Nimbus-7 SMMR data and ship observations are combined to compute the latent heat flux using the bulk aerodynamic method. Sea surface temperature (SST) and the surface humidity are determined with the microwave data. The surface wind field is derived from an analysis of ship observations of wind speed and surface pressure by means of a boundary-layer model by Bumke and Hasse. The microwave-derived SSTs are calibrated against those calculated from Advanced Very High-Resolution Radiometer (AVHRR) data. To get reliable results in the northern parts of the North Atlantic, only ascending (daytime) orbits of Nimbus-7 were used. Daytime data show a larger bias due to solar heating of the instrument but lack the complicating effects of differential cooling when the satellite enters the earth's shadow at the beginning of the descending orbits.

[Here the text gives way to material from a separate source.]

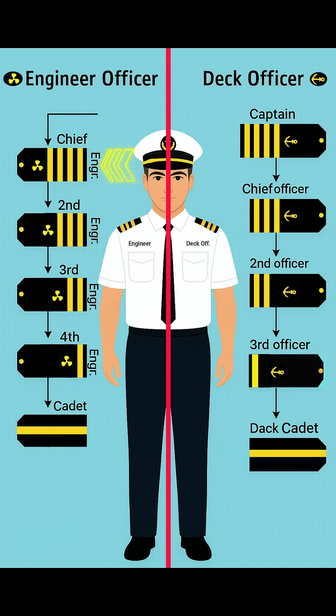Starting from the top, the highest rank in the engineering department is the chief engineer. The chief engineer wears a shoulder stripe with four thick gold bars and the propeller symbol. He is the head of all machinery and engine operations on the ship.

The evaporation fields are derived over the North Atlantic for individual overpasses of the satellite during July 1983, with a spatial resolution of 1° × 1°. High temporal and spatial gradients are observed, which are consistent with the prevailing synoptic situations. In the area south of Greenland and east of Canada, where the Labrador Current is located, latent heat flux (LE) is negative even in the monthly mean. The reliability of the negative values is demonstrated by a case study. They coincide well with ship observations of fog events.

The flux of latent heat can be determined with an acceptable accuracy of 25–40 W m−2 for individual values if the bias of the SMMR data can be reliably removed.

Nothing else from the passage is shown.